Che sia vanità, o reale senso di responsabilità (sia pur a scoppio ritardato) non è dato sapere. Sta di fatto che per la prima volta i due vicepremier si sono trovati davanti un Conte non disponibile a farsi plastilina nelle loro mani. I due si erano presentati armati di nuovi tric e trac propagandistici: da un lato Di Maio che batte i pugnetti sul tavolo chiedendo il «salario minimo per i lavoratori». Dall'altro Salvini che sventola la bandiera del fisco da tagliare: «Visto che la ripresa è zero virgola, l'Italia ci chiede di più. E l'unico modo è pagare i debiti e tagliare le tasse. Questo è quello che abbiamo intenzione di fare». E con una contro-minaccia, rivolta al premier: «Io sono al governo per aiutare gli italiani. Se qualcuno pensa di stare al governo per tirarla in lungo, non è quello di cui hanno bisogno gli italiani». Subito Di Maio si accoda: «Mi aspetto l'accordo sull'abbassamento delle tasse e sul salario minimo», pur lasciando all'alleato l'onere della proposta: «Spetta alla Lega spiegare come e con che soldi fare la flat tax».

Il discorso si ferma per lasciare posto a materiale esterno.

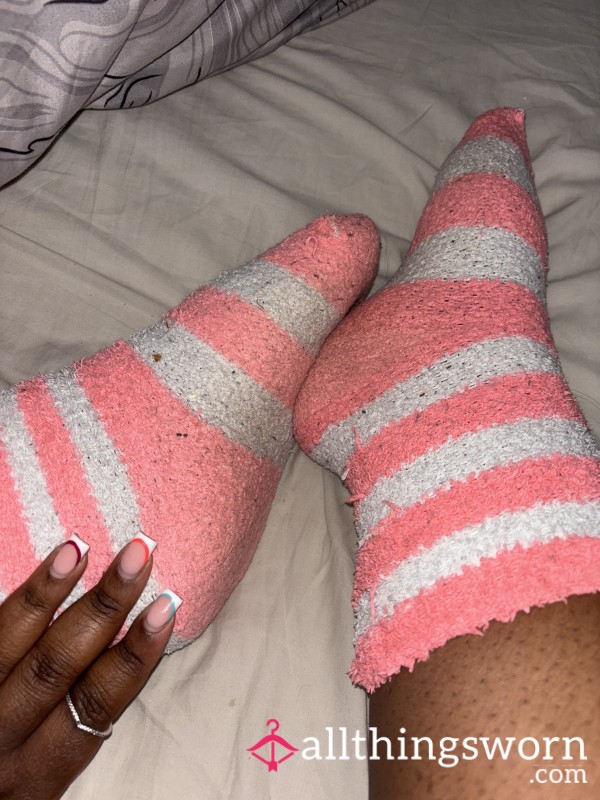 Used Fluffy Socks Worn Overnight In Bed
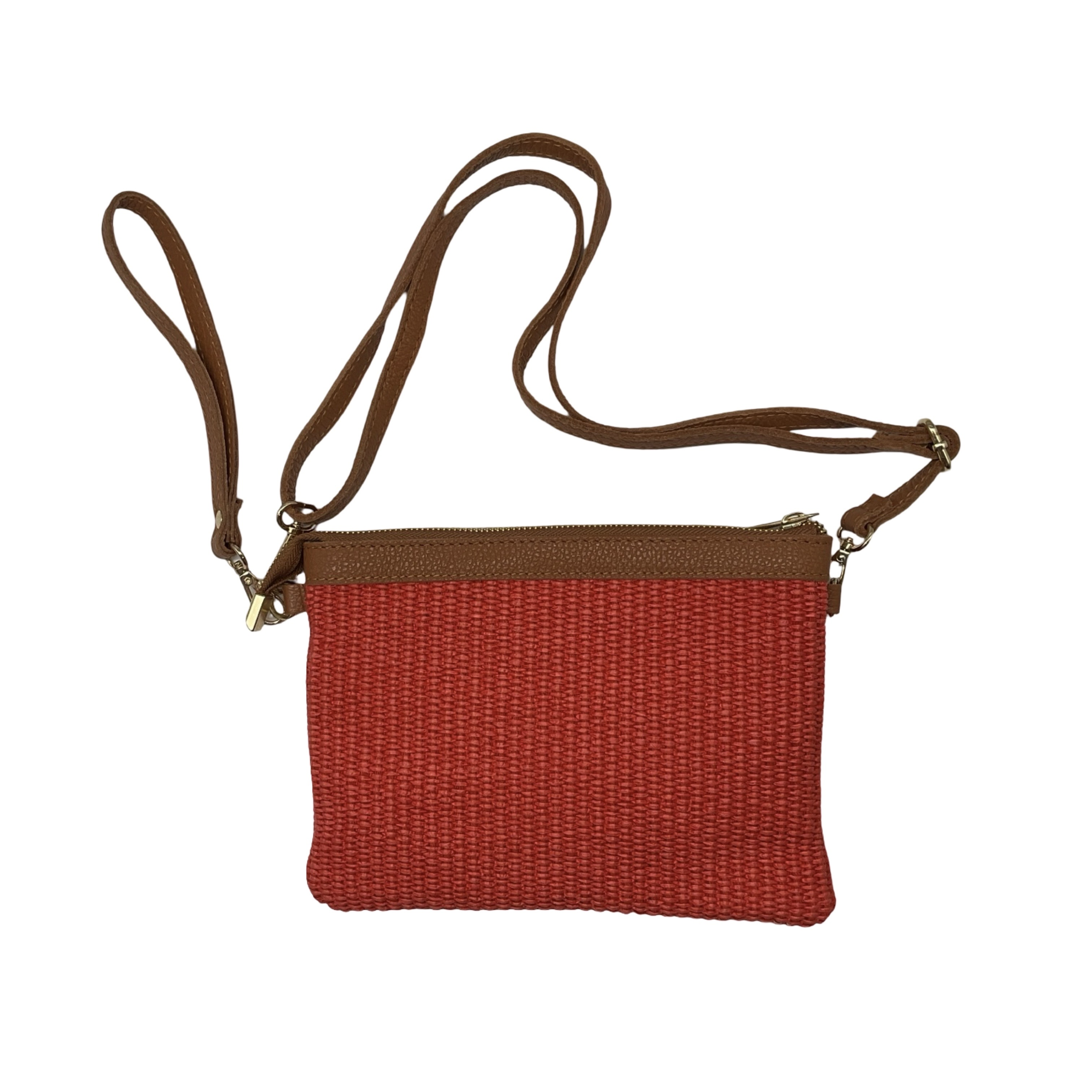 POCHETTE RAPHIA RAPHIA GARNI CUIR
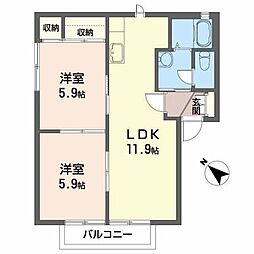 KMフラッツB 2LDKの間取図画像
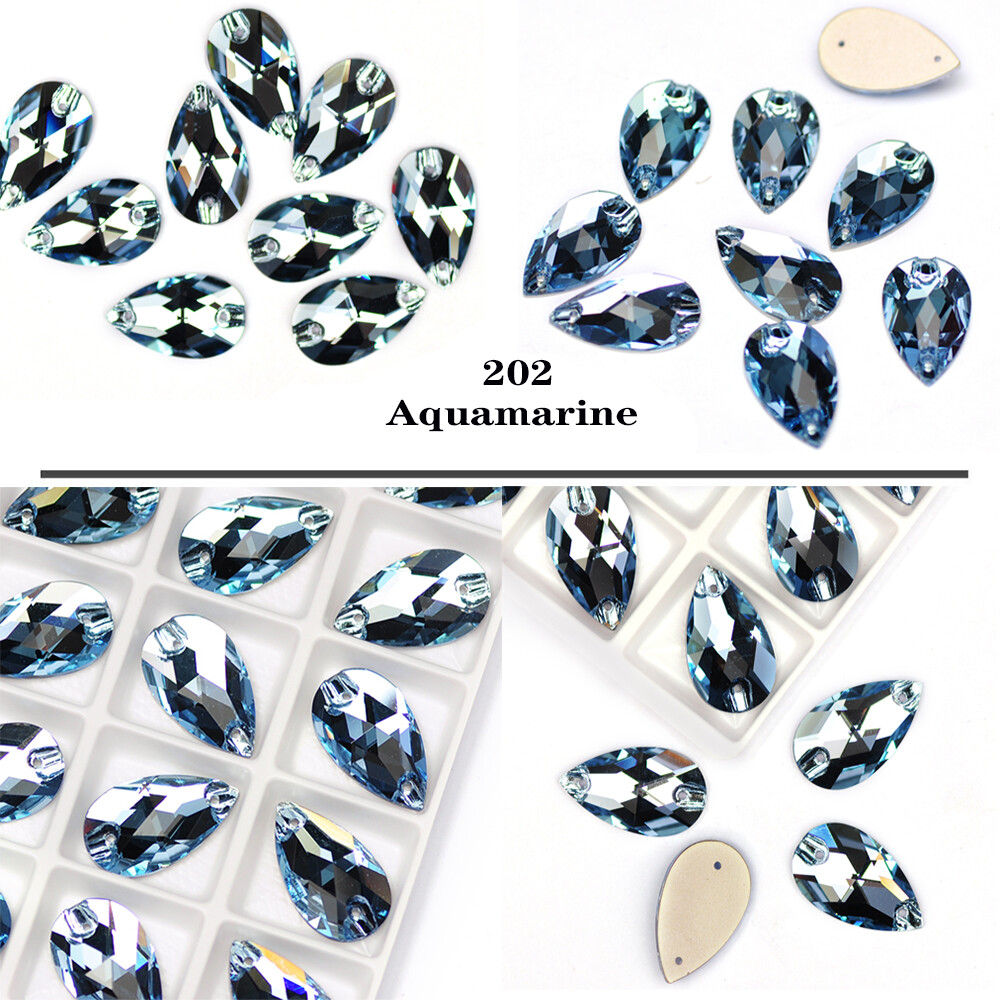 Teardrop Flat Back Stitched Rhinestone for Fabric Jewellery Crystal Sewing Stone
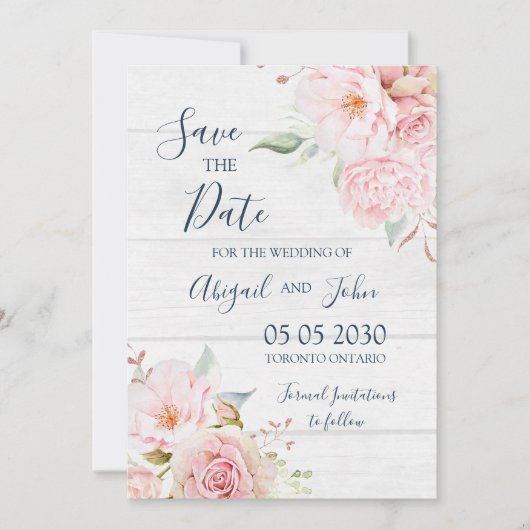 Rustic Pink Floral Spring Save the Date Card セーブザデート (正面)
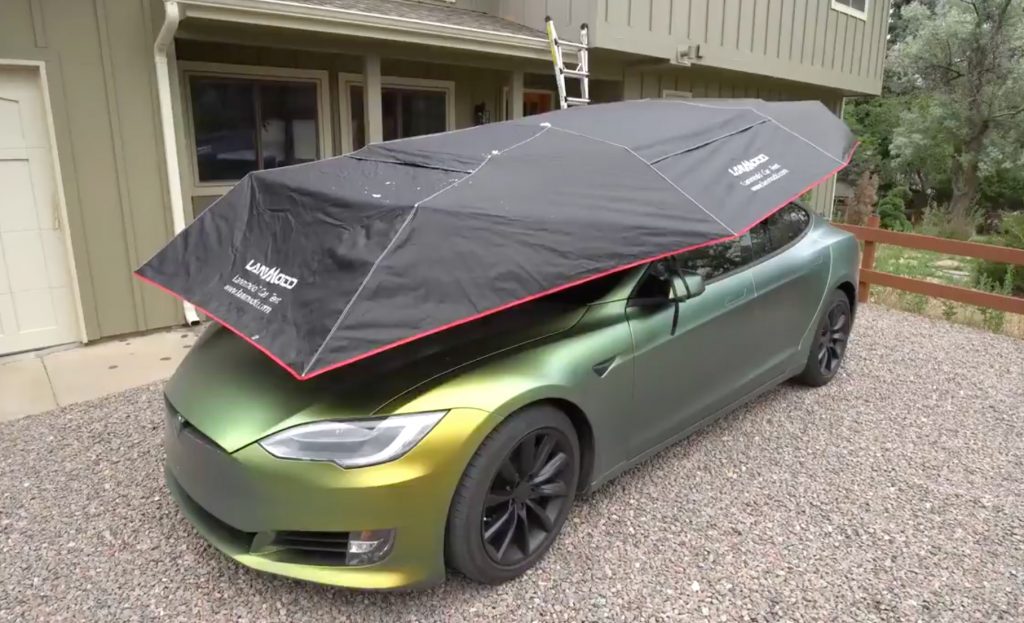 ร่มรถ ร่มรถยนต์ ร่มคลุมรถ ร่มสำหรับรถยนต์ Lanmodo x Tesla (4.8 x 2.35 m.)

Salvini celebra la «ritrovata e spero duratura sintonia» con il suo omologo grillino. Ad un patto: che sia la Lega a dettare l'agenda. Conte prova a mettersi di traverso, ricordando a Salvini che «i numeri in Parlamento non sono cambiati» dopo le Europee, e dunque il Carroccio è sempre fermo al 17% dei deputati e senatori. «Se vuoi decidere la linea, devi prenderti la responsabilità di chiedere nuove elezioni, e vincerle», è la sfida. Un tentativo di vedere il bluff salviniano: fin dove è pronto a spingersi il vicepremier leghista? È l'incognita su cui tutti si interrogano, nei palazzi romani, incluso il Colle più alto. La sfida sui minibot, visti dalla Ue come un pericoloso prodromo di Italexit, è solo uno strumento di pressione da usare nella trattativa con Bruxelles, lasciando poi a Tria, come a gennaio, il compito di rassicurare e trovare il compromesso, o si trasformerà in una vera arma di destabilizzazione contro l'Europa?
Poi c'è la partita del rimpasto e la nomina del commissario europeo. Salvini vuole sceglierlo, reclama «un nome della Lega» e un ruolo «di primo piano». Fa circolare i nomi di Lorenzo Fontana e Guglielmo Picchi, che prima di essere spostato a Bruxelles dovrebbe diventare ministro per gli Affari Europei. Ma nella Ue il fronte antipopulista, ossia quello che governerà in questa legislatura, si sta attrezzando.
E ha fatto già arrivare un messaggio chiaro a Palazzo Chigi e al Quirinale: se ci verrà proposto un nome non potabile, di un esponente smaccatamente sovranista o di profilo troppo basso, il Parlamento europeo lo impallinerà a maggioranza, nello scrutinio di commissione. Il precedente c'è: così fu bocciato Rocco Buttiglione. «Siamo pronti a fare il bis».